--- What this task involves ---
All lines from the one containing "Out of all of" through the end of the material below are to be printed exactly, both ends included, minus pictures.

--- Information shown ---

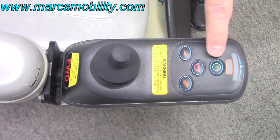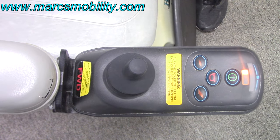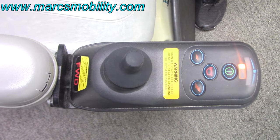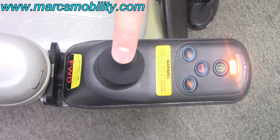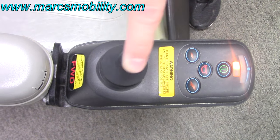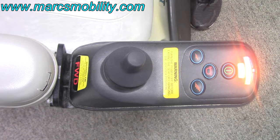When you turn it back on, you're going to see your lights begin to scroll back and forth — that means it is in the lock position. To unlock the joystick, you hold the joystick forward till it beeps, then hold it in reverse till it beeps, let go, and now you are unlocked.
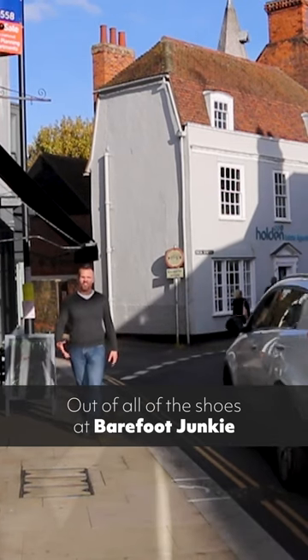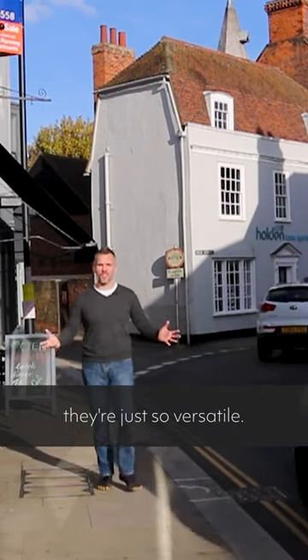Out of all of the shoes we have at Barefoot Junkie, I think I like these ones the most because they're just so versatile. You can wear them for anything, even just going down the shops.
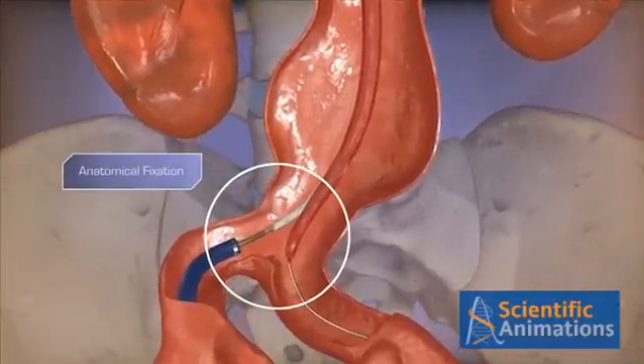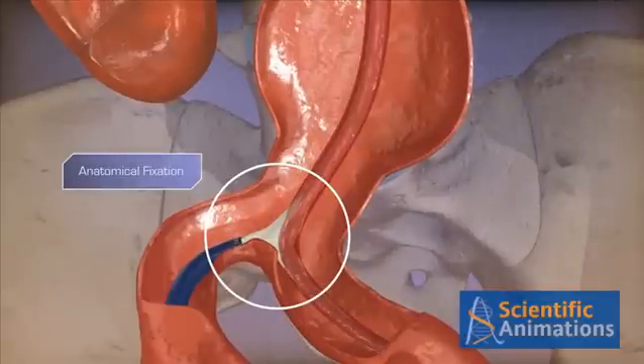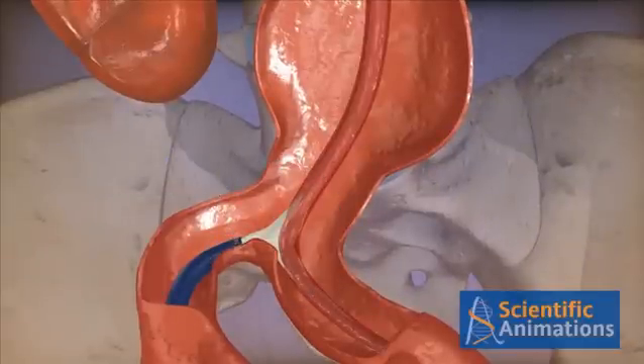Now, bring the device down to seat the main body on the native aortic bifurcation. This technique, referred to as anatomical fixation, provides a firm foundation to inhibit distal migration.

--- Solution to this problem ---
Out of all of the shoes we have at Barefoot Junkie, I think I like these ones the most because they're just so versatile. You can wear them for anything, even just going down the shops.
Now, bring the device down to seat the main body on the native aortic bifurcation. This technique, referred to as anatomical fixation, provides a firm foundation to inhibit distal migration.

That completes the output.